**PROMPT:**
Leave out the pictures, and retype the remaining data exactly.

Top of MATERIAL SHOWN

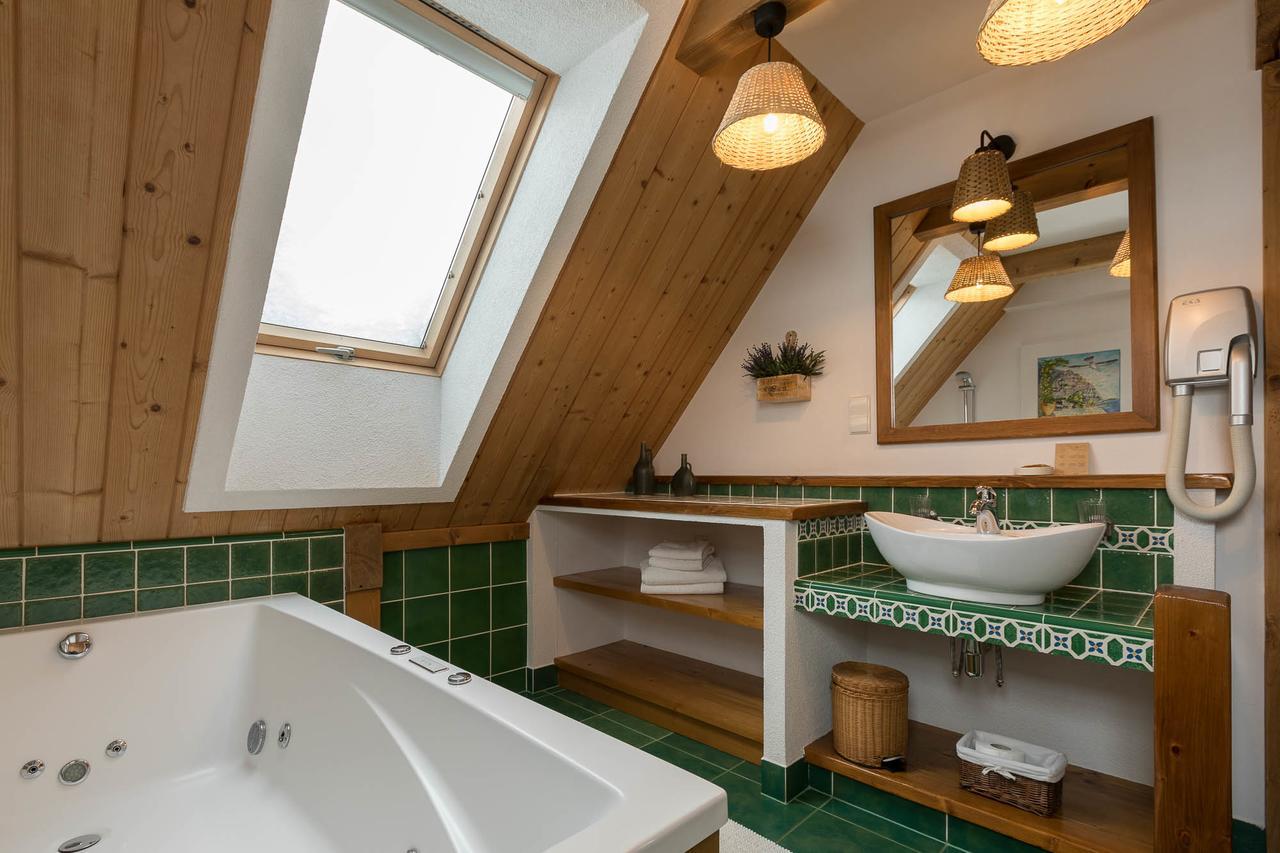Bambi Cottage ซาโกปาเน ภายนอก รูปภาพ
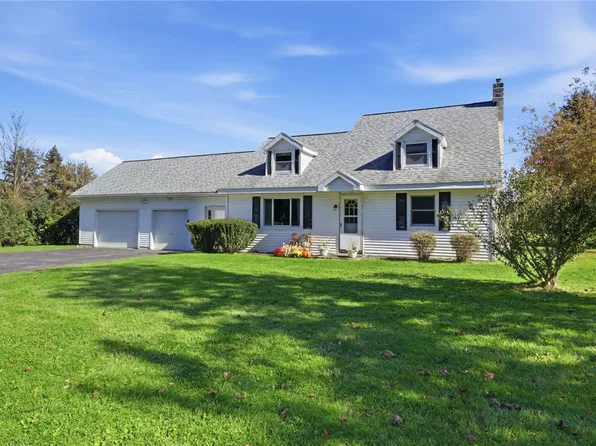 3366 Ontario Center Rd, Walworth, NY 14568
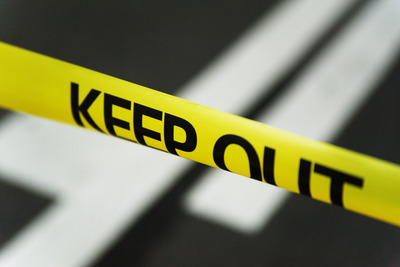 徒歩で横断歩道を渡っていた高齢女性、ワゴン車にはねられ死亡 画像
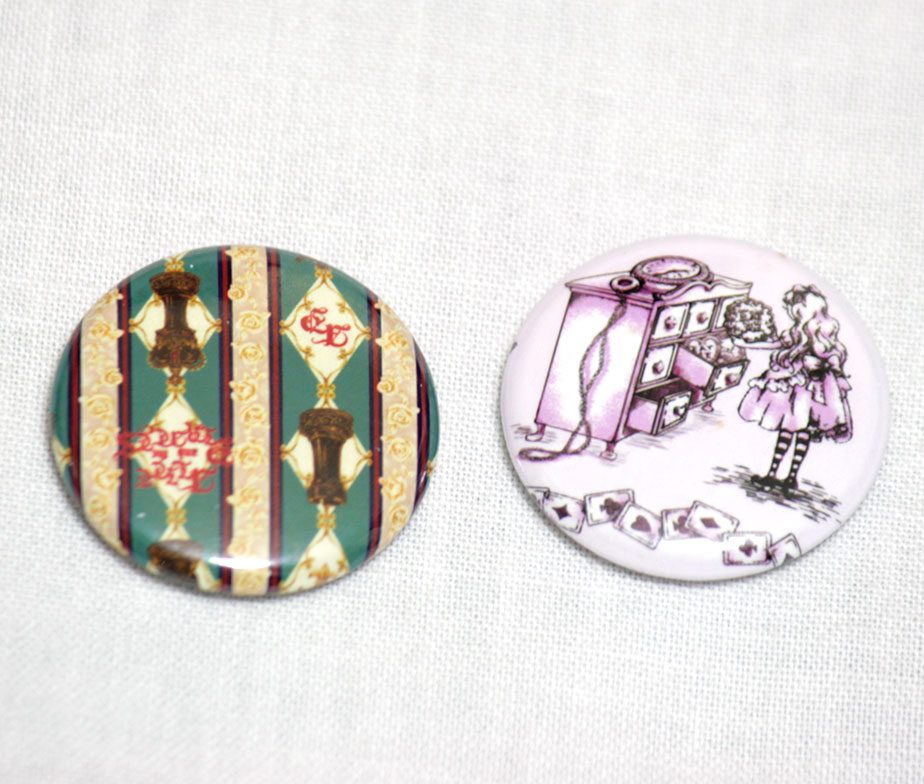 AatP Novelty Pin Set (a) Chess Print and Alice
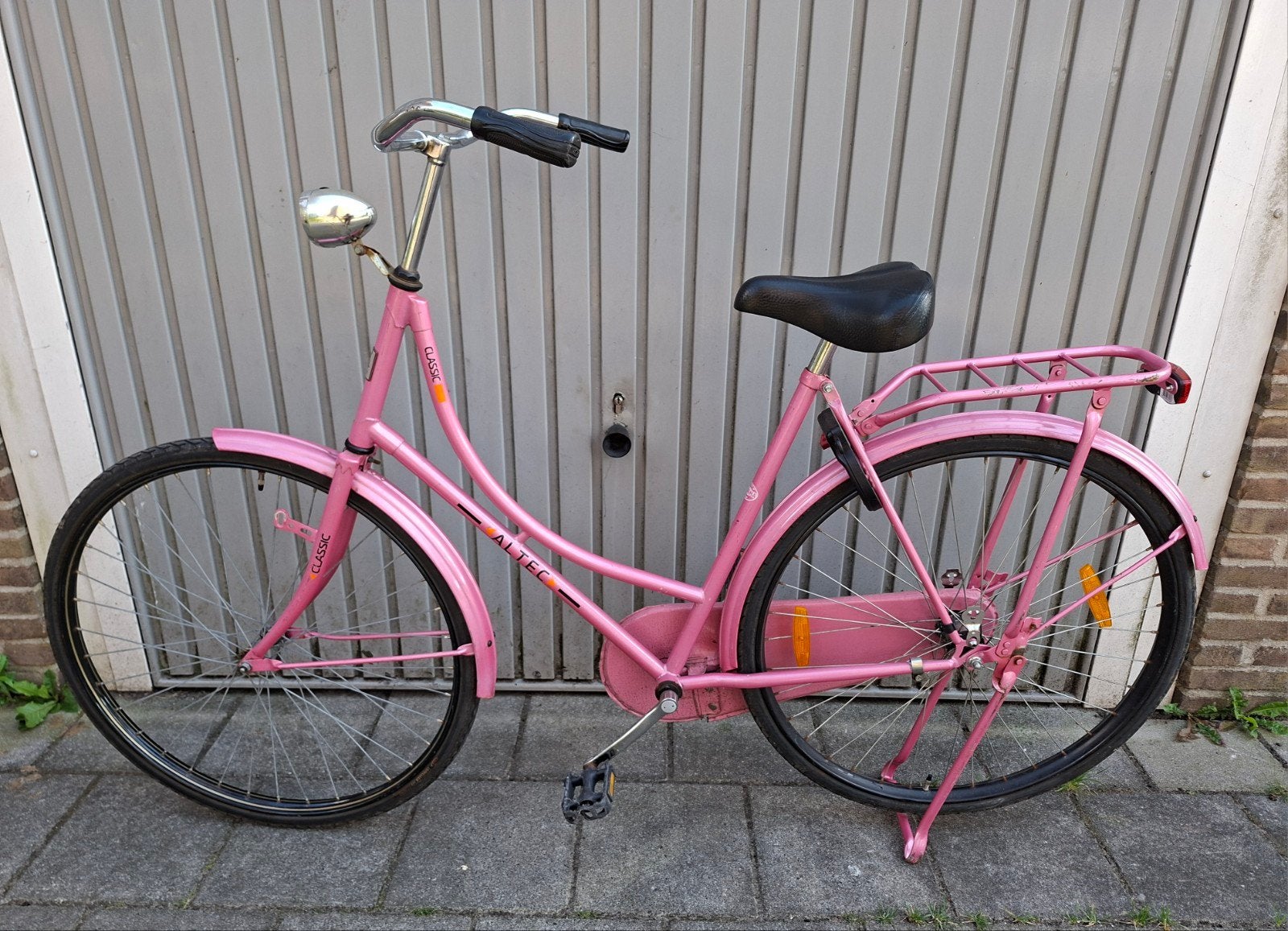ALTEC pink omacitybike 28inch rider height:+/-168-180cm. €85, Fietsen en Brommers, Fietsen | Dames | Omafietsen, Ophalen of Verzenden
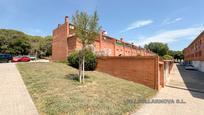 Vista exterior de Casa o xalet en venda en Mollet del Vallès amb Aire condicionat i Terrassa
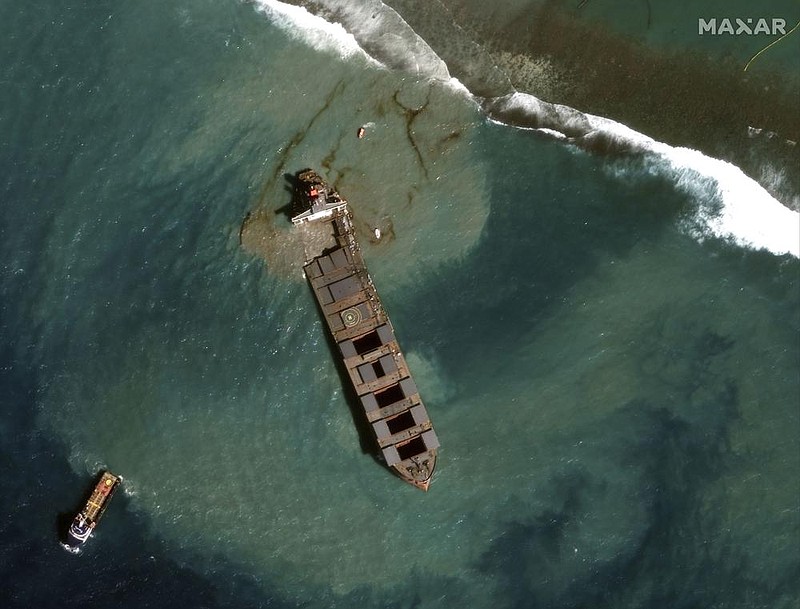 This satellite image provided Tuesday by 2020 Maxar Technologies shows the MV Wakashio still spread- ing fuel into the Mahebourg Lagoon. (AP/2020 Maxar Technologies) 
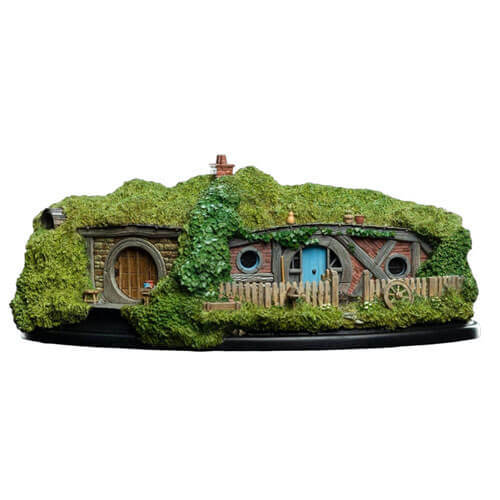 Primary image for The Hobbit Gandalf's Cutting Hobbit Hole Diorama - #24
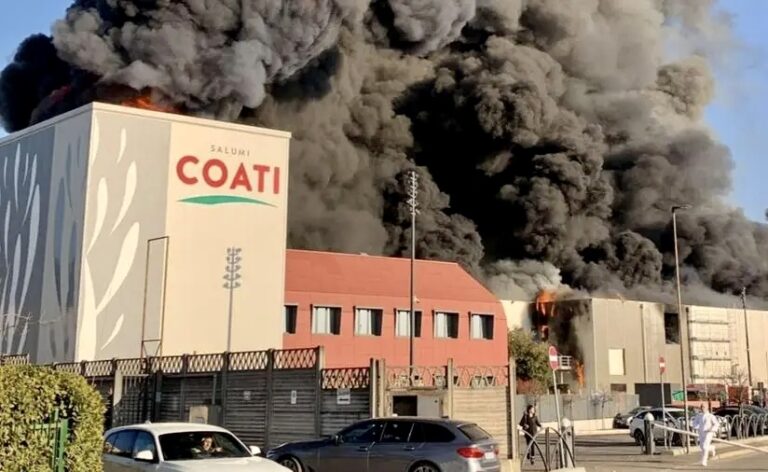 Incendio cancella il Salumificio Coati. Grave l’uomo precipitato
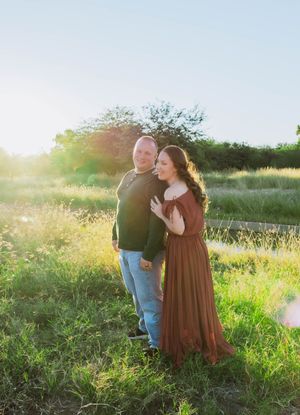 family photographer AZ, outdoor family portraits Arizona couples photographer, engagement photos AZ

Bottom of MATERIAL SHOWN

**RESPONSE TO THIS TASK:**
Bambi Cottage ซาโกปาเน ภายนอก รูปภาพ
 3366 Ontario Center Rd, Walworth, NY 14568
 徒歩で横断歩道を渡っていた高齢女性、ワゴン車にはねられ死亡 画像
 AatP Novelty Pin Set (a) Chess Print and Alice
ALTEC pink omacitybike 28inch rider height:+/-168-180cm. €85, Fietsen en Brommers, Fietsen | Dames | Omafietsen, Ophalen of Verzenden
 Vista exterior de Casa o xalet en venda en Mollet del Vallès amb Aire condicionat i Terrassa
 This satellite image provided Tuesday by 2020 Maxar Technologies shows the MV Wakashio still spread- ing fuel into the Mahebourg Lagoon. (AP/2020 Maxar Technologies) 
 Primary image for The Hobbit Gandalf's Cutting Hobbit Hole Diorama - #24
 Incendio cancella il Salumificio Coati. Grave l’uomo precipitato
 family photographer AZ, outdoor family portraits Arizona couples photographer, engagement photos AZ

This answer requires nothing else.